I would be interested to know this as well.
On paper, the Thunderbolt ports have more than enough bandwidth to be as fast as internal.
Like you, frustrating to see the SSD model iMacs (especially 512Gb) seem to always be on several week leadtime.
Also useful if it works to be able to add larger sizes cheaply (relative to Apple!).
 
The iMac internal SSD's aren't SATA, they are high speed PCIe devices. I don't think that there is any theoretical reason that an outboard Tbolt-3 enclosure couldn't drive a PCIe SSD, and in fact such things may exist for all I know, but I doubt that they would be cheap. If by "standard" SSD you mean a SATA drive, regardless of form factor, it's not going to be as fast as the iMac internal drive no matter what you connect it with.

That's considering single drives.
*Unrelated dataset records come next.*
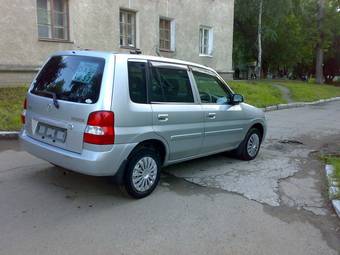 2001 Mazda Demio Photos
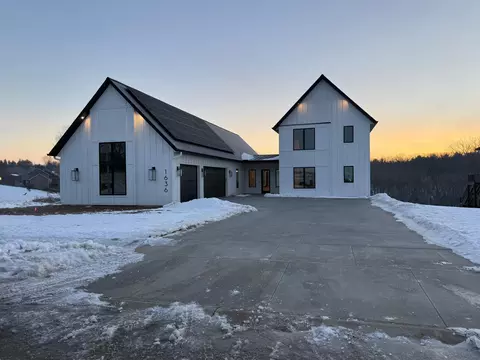 1636 Shannon Oaks Blvd NE, Rochester, MN 55906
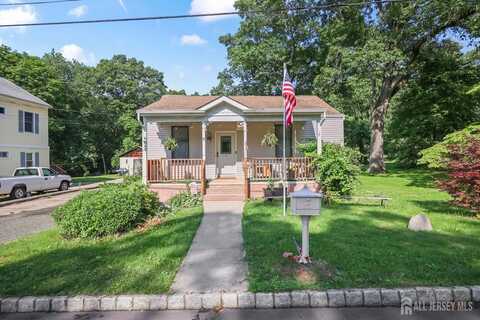 8 Walnut Street, Monroe, NJ 08831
I would expect that most external Thunderbolt enclosures with claims to speed would have an internal RAID controller and run multiple SSD's striped to get more speed.
 
If by "standard" SSD you mean a SATA drive, regardless of form factor, it's not going to be as fast as the iMac internal drive no matter what you connect it with.
But at least significantly faster than a fusion hard drive right?
 
But at least significantly faster than a fusion hard drive right?

Definitely. Depending on the enclosure, you can probably get a constant 450 MB/s read and write out of it for all files on the drive.
 
I would be interested to know this as well.
On paper, the Thunderbolt ports have more than enough bandwidth to be as fast as internal.
Like you, frustrating to see the SSD model iMacs (especially 512Gb) seem to always be on several week leadtime.
Also useful if it works to be able to add larger sizes cheaply (relative to Apple!).
Order date of my 1 TB SSD iMac to my delivery date to my home was less than a week. ;)
 
But at least significantly faster than a fusion hard drive right?

Well, maybe. One of the things many people don't like about fusion drives is that it's hard to say anything absolute about their performance. If you manage to hit the SSD part of a fusion, it will likely out-perform the external SATA because again, as far as I know, the internal SSD is faster. If you have to deal with the hard disk part, any decent external SATA SSD should be run away with it.